LISTED ENTRIES START

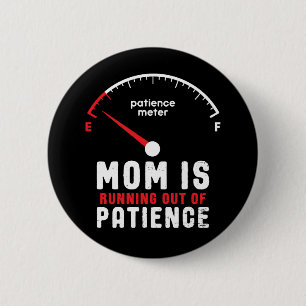 Mum Is Running Out of Patience Funny Mother's Day 6 Cm Round Badge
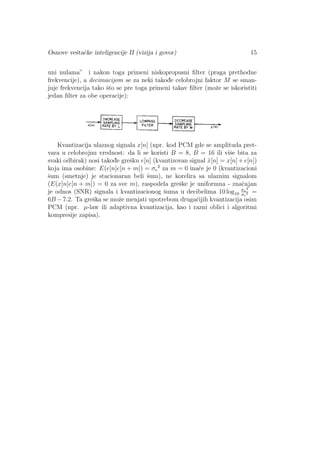Osnove veˇstaˇcke inteligencije II (vizija i govor) 15
uni nulama” i nakon toga primeni niskopropusni ﬁlter (praga prethodne
frekvencije), a decimacijom se za neki takod¯e celobrojni faktor M se sman-
juje frekvencija tako ˇsto se pre toga primeni takav ﬁlter (moˇze se iskoristiti
jedan ﬁlter za obe operacije):
Kvantizacija ulaznog signala x[n] (npr. kod PCM gde se amplituda pret-
vara u celobrojnu vrednost: da li se koristi B = 8, B = 16 ili viˇse bita za
svaki odbirak) nosi takod¯e greˇsku e[n] (kvantizovan signal ˆx[n] = x[n]+e[n])
koja ima osobine: E(e[n]e[n + m]) = σe
2
za m = 0 inaˇce je 0 (kvantizacioni
ˇsum (smetnje) je stacionaran beli ˇsum), ne korelira sa ulaznim signalom
(E(x[n]e[n + m]) = 0 za sve m), raspodela greˇske je uniformna - znaˇcajan
je odnos (SNR) signala i kvantizacionog ˇsuma u decibelima 10 log10
σx
2
σe
2 =
6B −7.2. Ta greˇska se moˇze menjati upotrebom drugaˇcijih kvantizacija osim
PCM (npr. µ-law ili adaptivna kvantizacija, kao i razni oblici i algoritmi
kompresije zapisa).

LISTED ENTRIES END

> WHAT YOU ARE ASKED TO DO: Note each line above that holds "moˇze", then copy all of them.

> COMPLETED EXERCISE:
juje frekvencija tako ˇsto se pre toga primeni takav ﬁlter (moˇze se iskoristiti
6B −7.2. Ta greˇska se moˇze menjati upotrebom drugaˇcijih kvantizacija osim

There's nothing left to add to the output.